## Available records
-----

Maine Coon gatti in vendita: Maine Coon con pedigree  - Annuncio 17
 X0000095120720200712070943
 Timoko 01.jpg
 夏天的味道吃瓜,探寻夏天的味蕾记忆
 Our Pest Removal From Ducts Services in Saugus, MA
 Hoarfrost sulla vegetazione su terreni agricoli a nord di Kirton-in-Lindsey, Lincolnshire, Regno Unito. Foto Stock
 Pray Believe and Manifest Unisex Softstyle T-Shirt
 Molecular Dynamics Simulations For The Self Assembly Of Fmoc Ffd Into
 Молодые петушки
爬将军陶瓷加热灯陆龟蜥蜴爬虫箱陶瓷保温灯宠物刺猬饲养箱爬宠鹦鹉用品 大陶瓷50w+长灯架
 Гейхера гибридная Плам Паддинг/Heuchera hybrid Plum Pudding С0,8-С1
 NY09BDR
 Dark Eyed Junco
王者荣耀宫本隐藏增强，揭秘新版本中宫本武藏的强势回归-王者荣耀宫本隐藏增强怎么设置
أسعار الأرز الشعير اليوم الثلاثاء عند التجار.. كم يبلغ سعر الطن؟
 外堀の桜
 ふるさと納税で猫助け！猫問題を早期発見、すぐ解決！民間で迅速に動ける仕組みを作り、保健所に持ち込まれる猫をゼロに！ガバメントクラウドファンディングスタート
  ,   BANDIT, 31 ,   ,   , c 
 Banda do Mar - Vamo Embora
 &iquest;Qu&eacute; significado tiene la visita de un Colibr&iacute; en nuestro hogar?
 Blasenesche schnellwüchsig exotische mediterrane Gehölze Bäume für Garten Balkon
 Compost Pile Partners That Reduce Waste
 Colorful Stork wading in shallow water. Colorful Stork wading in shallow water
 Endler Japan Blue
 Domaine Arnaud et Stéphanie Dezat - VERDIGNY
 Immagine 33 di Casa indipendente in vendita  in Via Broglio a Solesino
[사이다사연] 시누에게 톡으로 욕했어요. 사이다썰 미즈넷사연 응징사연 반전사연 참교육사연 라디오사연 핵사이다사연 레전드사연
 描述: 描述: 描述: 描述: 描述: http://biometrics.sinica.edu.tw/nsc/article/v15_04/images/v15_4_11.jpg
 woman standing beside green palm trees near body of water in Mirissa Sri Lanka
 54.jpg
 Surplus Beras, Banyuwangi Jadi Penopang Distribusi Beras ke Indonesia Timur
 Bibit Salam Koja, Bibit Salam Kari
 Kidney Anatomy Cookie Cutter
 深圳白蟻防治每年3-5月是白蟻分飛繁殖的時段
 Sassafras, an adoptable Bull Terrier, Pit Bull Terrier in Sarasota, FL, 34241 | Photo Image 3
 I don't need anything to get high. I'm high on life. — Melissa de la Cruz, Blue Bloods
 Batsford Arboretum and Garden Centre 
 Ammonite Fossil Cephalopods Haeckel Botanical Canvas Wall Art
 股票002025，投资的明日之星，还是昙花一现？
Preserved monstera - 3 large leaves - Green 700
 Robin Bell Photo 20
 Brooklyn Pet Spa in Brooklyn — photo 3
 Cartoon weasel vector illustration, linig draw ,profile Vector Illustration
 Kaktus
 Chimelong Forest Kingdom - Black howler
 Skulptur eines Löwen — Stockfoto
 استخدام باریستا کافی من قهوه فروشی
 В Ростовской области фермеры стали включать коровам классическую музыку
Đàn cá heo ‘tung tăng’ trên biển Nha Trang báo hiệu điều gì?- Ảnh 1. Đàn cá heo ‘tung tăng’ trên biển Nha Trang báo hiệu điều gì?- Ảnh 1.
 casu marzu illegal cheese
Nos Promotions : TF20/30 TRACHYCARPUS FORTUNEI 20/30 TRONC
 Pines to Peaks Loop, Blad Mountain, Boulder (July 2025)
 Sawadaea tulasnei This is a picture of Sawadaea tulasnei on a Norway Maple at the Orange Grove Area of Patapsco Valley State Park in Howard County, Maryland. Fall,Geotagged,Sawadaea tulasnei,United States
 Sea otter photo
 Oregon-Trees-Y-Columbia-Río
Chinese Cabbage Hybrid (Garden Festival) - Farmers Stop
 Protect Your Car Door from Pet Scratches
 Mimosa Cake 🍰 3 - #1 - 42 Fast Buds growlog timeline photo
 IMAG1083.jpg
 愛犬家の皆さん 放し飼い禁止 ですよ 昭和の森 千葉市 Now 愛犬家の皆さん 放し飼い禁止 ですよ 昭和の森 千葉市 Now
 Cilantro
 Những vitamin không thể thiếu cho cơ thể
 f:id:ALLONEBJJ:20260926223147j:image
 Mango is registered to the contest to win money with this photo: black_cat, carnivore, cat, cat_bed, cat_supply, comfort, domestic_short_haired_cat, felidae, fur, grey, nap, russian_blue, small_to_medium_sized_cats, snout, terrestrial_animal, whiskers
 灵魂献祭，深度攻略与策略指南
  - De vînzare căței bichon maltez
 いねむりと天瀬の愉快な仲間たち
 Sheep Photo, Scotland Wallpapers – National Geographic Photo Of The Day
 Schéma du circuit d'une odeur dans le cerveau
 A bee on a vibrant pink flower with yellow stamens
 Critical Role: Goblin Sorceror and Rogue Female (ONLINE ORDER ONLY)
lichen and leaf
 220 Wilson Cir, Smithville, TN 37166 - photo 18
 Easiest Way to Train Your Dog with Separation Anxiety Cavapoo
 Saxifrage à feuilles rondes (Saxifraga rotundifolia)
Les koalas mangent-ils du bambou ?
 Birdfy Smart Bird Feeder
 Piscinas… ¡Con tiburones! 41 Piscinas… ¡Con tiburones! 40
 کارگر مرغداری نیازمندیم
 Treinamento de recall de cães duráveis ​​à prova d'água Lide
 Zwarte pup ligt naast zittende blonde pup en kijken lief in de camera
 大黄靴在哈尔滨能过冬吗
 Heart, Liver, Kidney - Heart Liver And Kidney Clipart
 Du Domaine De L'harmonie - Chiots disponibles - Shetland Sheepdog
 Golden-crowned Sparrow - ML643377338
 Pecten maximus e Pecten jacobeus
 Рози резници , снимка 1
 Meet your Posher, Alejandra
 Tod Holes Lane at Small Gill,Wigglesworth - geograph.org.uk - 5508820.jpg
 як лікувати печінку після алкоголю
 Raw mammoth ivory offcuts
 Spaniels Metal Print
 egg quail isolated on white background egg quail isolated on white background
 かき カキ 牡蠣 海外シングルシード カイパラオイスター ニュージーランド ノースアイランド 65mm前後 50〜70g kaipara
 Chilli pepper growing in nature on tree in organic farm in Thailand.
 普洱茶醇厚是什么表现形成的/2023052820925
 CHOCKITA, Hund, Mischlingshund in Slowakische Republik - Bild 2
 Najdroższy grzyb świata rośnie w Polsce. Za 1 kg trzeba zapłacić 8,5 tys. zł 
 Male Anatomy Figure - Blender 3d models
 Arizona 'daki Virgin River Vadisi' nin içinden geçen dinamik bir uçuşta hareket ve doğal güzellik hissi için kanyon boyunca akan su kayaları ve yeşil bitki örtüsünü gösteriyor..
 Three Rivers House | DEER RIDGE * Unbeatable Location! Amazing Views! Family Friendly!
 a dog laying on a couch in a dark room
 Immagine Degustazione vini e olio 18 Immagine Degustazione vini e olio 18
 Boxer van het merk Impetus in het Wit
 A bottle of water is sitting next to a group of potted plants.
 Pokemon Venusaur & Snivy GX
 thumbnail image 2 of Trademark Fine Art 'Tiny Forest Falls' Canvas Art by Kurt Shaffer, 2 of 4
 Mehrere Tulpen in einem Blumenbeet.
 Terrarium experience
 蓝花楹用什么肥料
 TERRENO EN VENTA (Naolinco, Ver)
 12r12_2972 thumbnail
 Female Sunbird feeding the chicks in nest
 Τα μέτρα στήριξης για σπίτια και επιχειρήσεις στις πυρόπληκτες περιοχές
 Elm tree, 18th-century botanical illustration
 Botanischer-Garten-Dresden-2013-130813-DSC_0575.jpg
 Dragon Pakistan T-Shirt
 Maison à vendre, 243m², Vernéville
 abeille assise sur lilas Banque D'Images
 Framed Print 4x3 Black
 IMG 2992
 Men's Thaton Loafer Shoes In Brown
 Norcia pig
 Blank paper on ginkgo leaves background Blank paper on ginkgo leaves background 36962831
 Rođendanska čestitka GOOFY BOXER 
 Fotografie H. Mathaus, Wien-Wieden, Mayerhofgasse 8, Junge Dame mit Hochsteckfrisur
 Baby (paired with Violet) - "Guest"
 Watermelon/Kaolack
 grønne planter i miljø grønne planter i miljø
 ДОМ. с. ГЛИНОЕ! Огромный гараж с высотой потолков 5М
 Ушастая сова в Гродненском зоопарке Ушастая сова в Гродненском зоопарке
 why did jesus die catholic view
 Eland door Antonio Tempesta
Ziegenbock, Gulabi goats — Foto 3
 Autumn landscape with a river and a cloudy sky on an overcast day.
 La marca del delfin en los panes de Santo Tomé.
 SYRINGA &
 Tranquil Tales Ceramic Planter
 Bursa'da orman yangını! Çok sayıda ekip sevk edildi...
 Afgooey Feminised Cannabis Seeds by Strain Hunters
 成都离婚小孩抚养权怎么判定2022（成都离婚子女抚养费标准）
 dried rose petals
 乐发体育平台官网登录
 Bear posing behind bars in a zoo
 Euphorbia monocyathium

-----

## Task directions
Having output the line that contains "王者荣耀宫本隐藏增强，揭秘新", stop. Every line before it, back to the first line of the data, must be reproduced exactly.

## Response below
Maine Coon gatti in vendita: Maine Coon con pedigree  - Annuncio 17
 X0000095120720200712070943
 Timoko 01.jpg
 夏天的味道吃瓜,探寻夏天的味蕾记忆
 Our Pest Removal From Ducts Services in Saugus, MA
 Hoarfrost sulla vegetazione su terreni agricoli a nord di Kirton-in-Lindsey, Lincolnshire, Regno Unito. Foto Stock
 Pray Believe and Manifest Unisex Softstyle T-Shirt
 Molecular Dynamics Simulations For The Self Assembly Of Fmoc Ffd Into
 Молодые петушки
爬将军陶瓷加热灯陆龟蜥蜴爬虫箱陶瓷保温灯宠物刺猬饲养箱爬宠鹦鹉用品 大陶瓷50w+长灯架
 Гейхера гибридная Плам Паддинг/Heuchera hybrid Plum Pudding С0,8-С1
 NY09BDR
 Dark Eyed Junco
王者荣耀宫本隐藏增强，揭秘新版本中宫本武藏的强势回归-王者荣耀宫本隐藏增强怎么设置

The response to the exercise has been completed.